Man lese sich den vielbeachteten Vortag von Erwin Teufel (CDU), ehemaliger Ministpräsident des Landes Baden-Württemberg, durch. In diesem vertritt Teufel überraschend viele Position, die ich auch als CDU-Stammnichtwähler unterstütze würde. Unter anderem macht sich Teufel für eine soziale Marktwirtschaft stark, fordert eine gerechteres Erziehungsgeld und positioniert sich hinter einer Finanztransaktionssteuer. Besonders beeindruckt hat mich Teufel mit seinem Hinweis auf die klassisch linke Position, dass "Wirtschaft kein Selbstzweck ist, sondern von Menschen für Menschen gemacht wird." Natürlich ist dieÜbereinstimmung zwischen unseren Position nicht vollkommen.
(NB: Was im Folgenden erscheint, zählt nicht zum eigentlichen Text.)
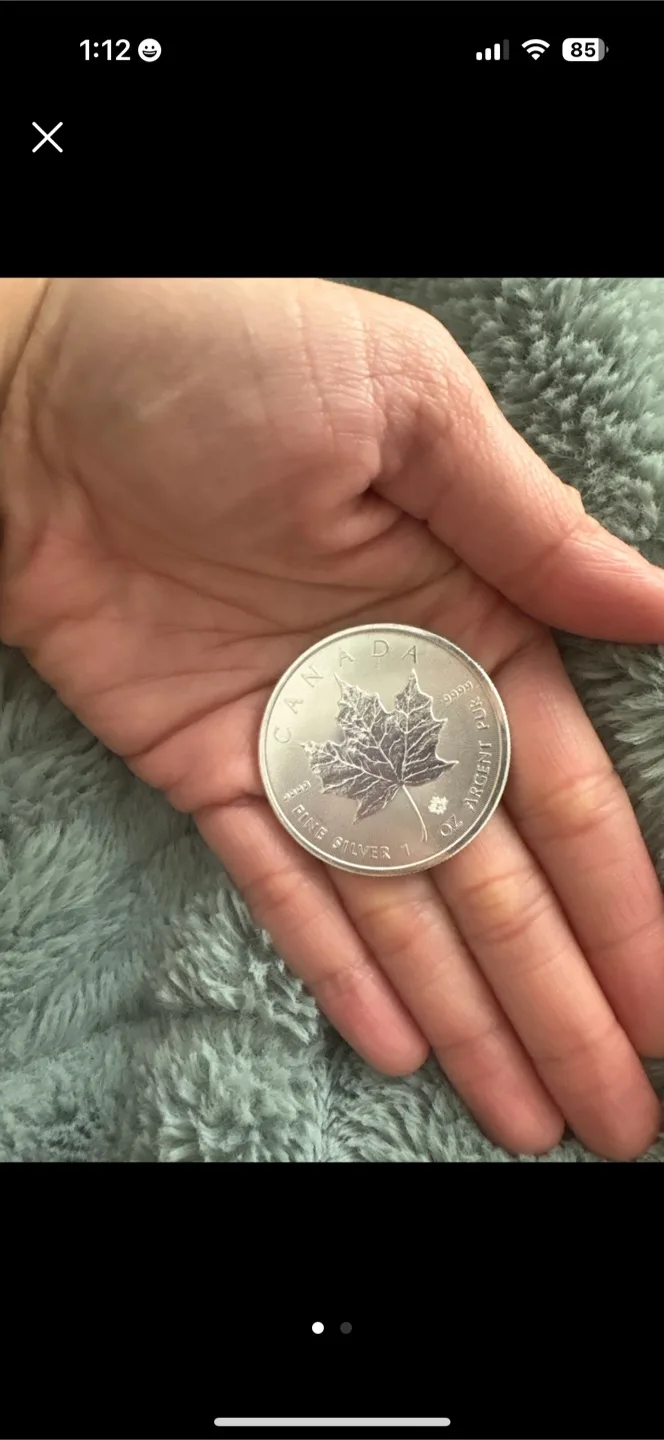 Canada 1 oz Fine Silver Coin thumbnail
So halte ich z.B. das förderale Bildungssystem in Deutschland für nichtmals ansatzweise nachvollziehbar.
Teufels Vortrag trieft jedoch vor christlichen Referenzen, die mich natürlich eher abstossen, aber eigentlich sehr schön zeigen, wozu das Christentum in solchen Diskussionen tatsächlich dient: Es bildet einen Erzählungsrahmen, der die einzelnen Position in eine Gesamtgeschichte einbetten soll. Das Problem ist nur: Der christliche Erzählungsrahmen ist für die Verteidigung von Teufels Positionen vollkommen überflüssig.
Diese Überflüssigkeit erkennt man meines Erachtens am Besten im folgenden kurzen Zitat:
"Wir orientieren uns an der Wirklichkeit, am Gemeinwohl, an den Grundrechten des Menschen und den Grundwerten des Christentums."
Quelle: faz.net
Als Anti-theist fühle ich mich natürlich erstmal zur folgenden Aussage genötigt: Setzt man voraus, dass die Grundwerte des Christentums nur dann überzeugend und damit relevant sein können, wenn Sie in der Tat irgendwie wahr wären, dann stehen diese in einem schönen Widerspruch zur Orientierung an der Wirklichkeit. Aber darauf will ich gar nicht hinaus.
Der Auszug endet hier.